How Shall We Then Live?

Having to miss church this morning due to ongoing strep throat, I was listening to a sermon on the radio. The preacher was talking about "How Shall We Then Live" - spinning off of Francis Shaeffer's book of the same title. One of his points had to do with redemption. These are my musings from the sermon point. I can't read or listen to someone who is articulate without thinking about the words being used. (There is a difference to me between words used and words said - I think words are often tools and not merely said but used.) And being a Latin teacher, I hear derivatives and think about root words. Redemption. It's root word is emo, emere, emi, emptus - to buy.
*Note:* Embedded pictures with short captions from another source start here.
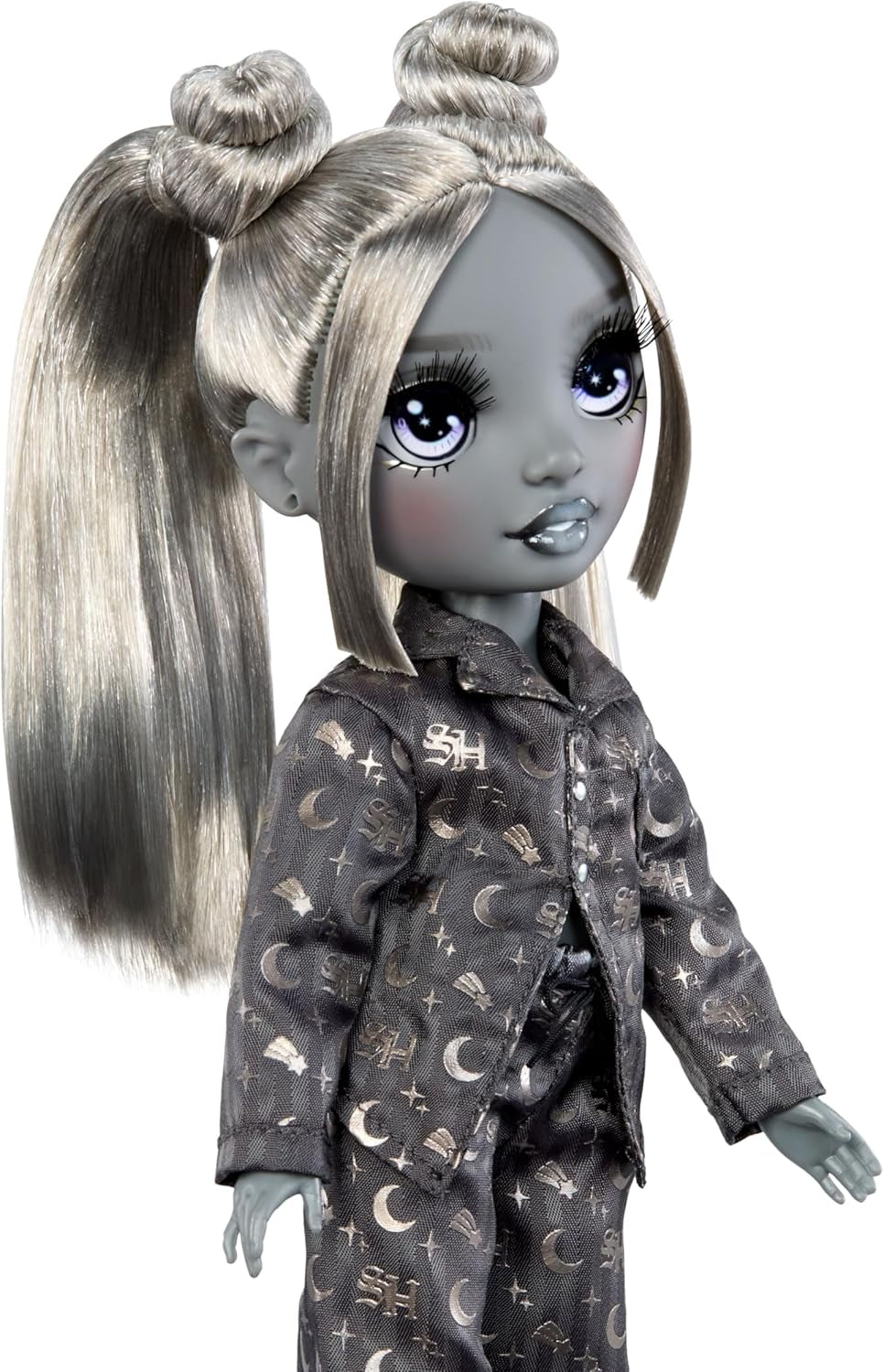 Rainbow High Shadow High Girl's Night - Luna Madison – 28 cm Modepuppe in grijs, grijs haar en outfit met accessoires en kammen – voor kinderen en kinderen vanaf 6 jaar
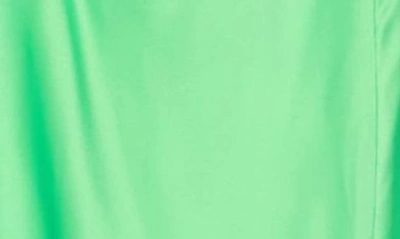 Shop Renee C Satin One-shoulder Dress In Tea Green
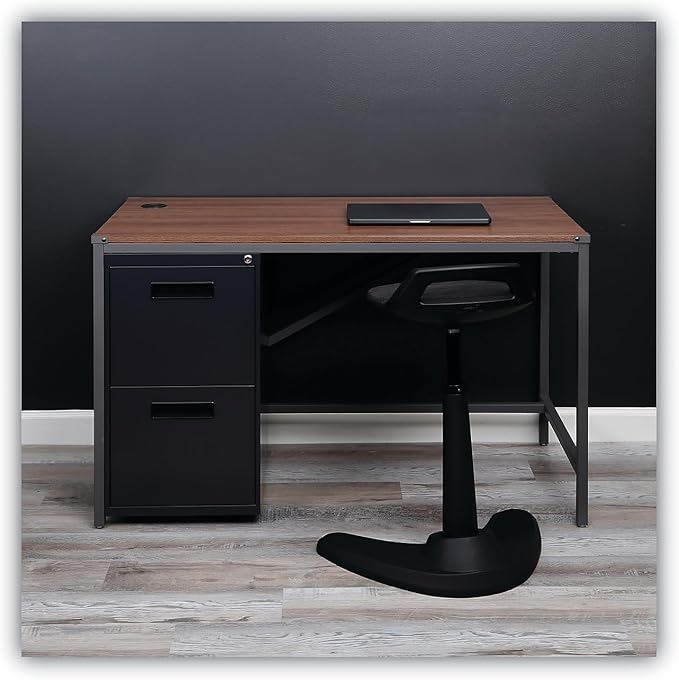 Alera PAFFCH Two-Drawer Metal Pedestal File 14 7/8w x 19-1/8d x 27-3/4h Charcoal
With the prefix stuck on it - we understand redemo... to mean: to buy back; to recover. These are two of the dictionary definitions of the word redeem. So what!! To buy back from what? Recover what? Well, if redemption in the biblical sense has to do with the payment of the blood of Jesus which He made to God with for our salvation, forgiveness, ownership, putting us in sonship with God, then our redemption means we are made perfect in God's sight. He sees us as he sees Jesus. Are we then back to the condition of Adam? Was he perfect? I don't think so. Perfect is another Latin derivative. It comes from two words which together mean thoroughly done, thoroughly complete. Adam was not thoroughly done. He had to pass the test, resist temptation. He didn't; He was never perfect. He was created sinless but not perfect. No. We are better off than Adam was. If God sees us as He sees Jesus, we are perfect. We are not sinless but we are perfect. In Adam, we failed. But now that we are in Jesus, hidden in Him, we pass!! We pass the test because we are in Him! There is nothing left to be done to be in relationship with God. As Jesus is in relationship with God, we are in relationship with God. God bought us back from Adam's condition. We had once been - in Adam - sinless. That wasn't enough for God. He wanted for us the perfection of Christ. And so, through Christ's blood sacrifice, we were bought back to God, beyond sinless, all the way to perfect. Profound. We are not sinless but we are perfect. We are redeemed. The question then is: How shall we then live?